Deuxième impression, nous sommes marqués par l’ambiance familiale du lieu et l’accueil est à l’opposé de l’image que nous avions. La visite initialement prévue se transformera en masterclass de 4h30 avec Alexandre Gabriel… Le tout avec un tour du monde des dégustations, directement dans les chais.
On vous emmène donc avec nous à la découverte des secrets de la maison !
L’Art du vieillissement
Après un court trajet depuis le château de Bonbonnet, nous voilà dans les chais, là où tout se passe. La glace se brise facilement autour d’un merveilleux Sainte Lucie « John Dore » 2010 (quelle entame !), un rhum qui propose une attaque toute en douceur, presque miellée, un fruité explosif et un boisé très fin : un rhum que nous attendons déjà avec impatience. La discussion, qui partait sur les spécificités techniques de ce type d’alambic, revient sur le vieillissement, qu’on appelle ici élevage : « Si on élève son enfant à coup de fouet on n’aura pas un adulte équilibré, alors que si on l’élève avec amour… ». Voilà, le décor est rapidement posé.
La double maturation est la véritable signature de la marque. En effet, on parle de double vieillissement à plus d’un titre puisqu’il s’agit à la fois d’un double vieillissement entre des fûts bourbon et de cognac (rappelons ici que le passage en fût de Cognac Ferrand est la signature de la maison) mais aussi au niveau de l’environnement.
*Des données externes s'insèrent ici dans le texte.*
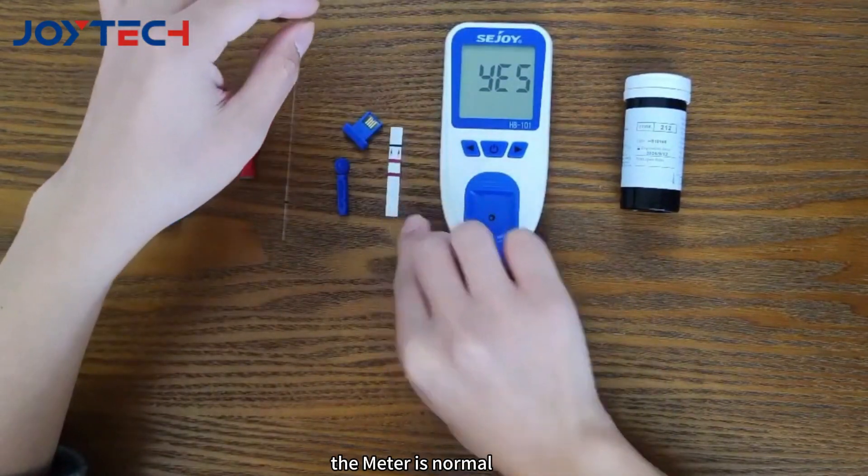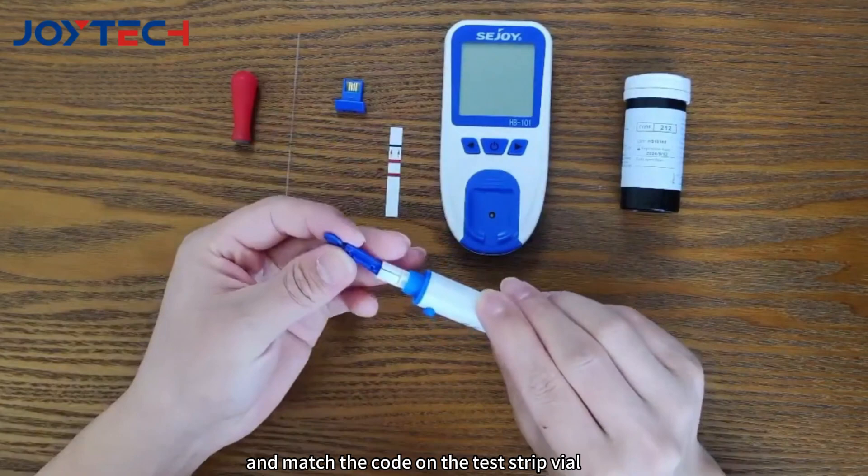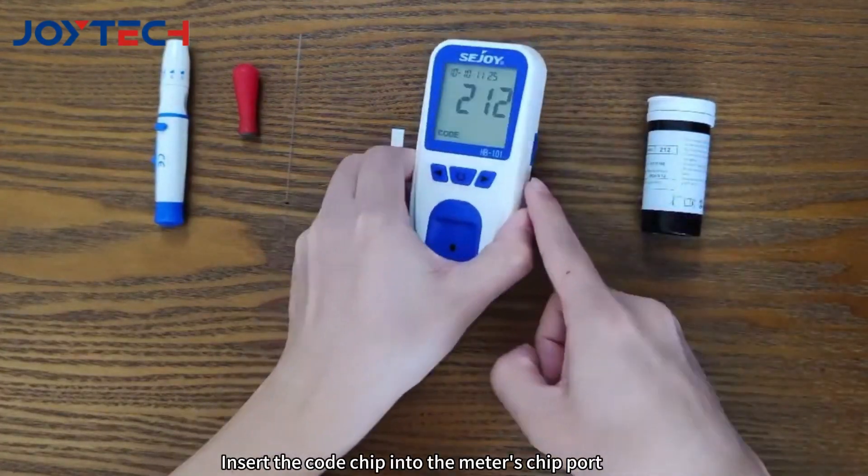If yes is displayed, the meter is normal. Load the lancing device with a sterile lancet and match the code on the test strip vial. Insert the code chip into the meter's chip port.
Chez Plantation, il n’y a pas d’opposition entre vieillissement tropical et continental, mais une volonté de tirer le meilleur des deux mondes. Le vieillissement tropical qui apporte de la concentration, grâce à une part des anges importante, et donc de la structure, et un vieillissement continental où les variations de températures plus importantes vont permettre une meilleure intégration des tannins.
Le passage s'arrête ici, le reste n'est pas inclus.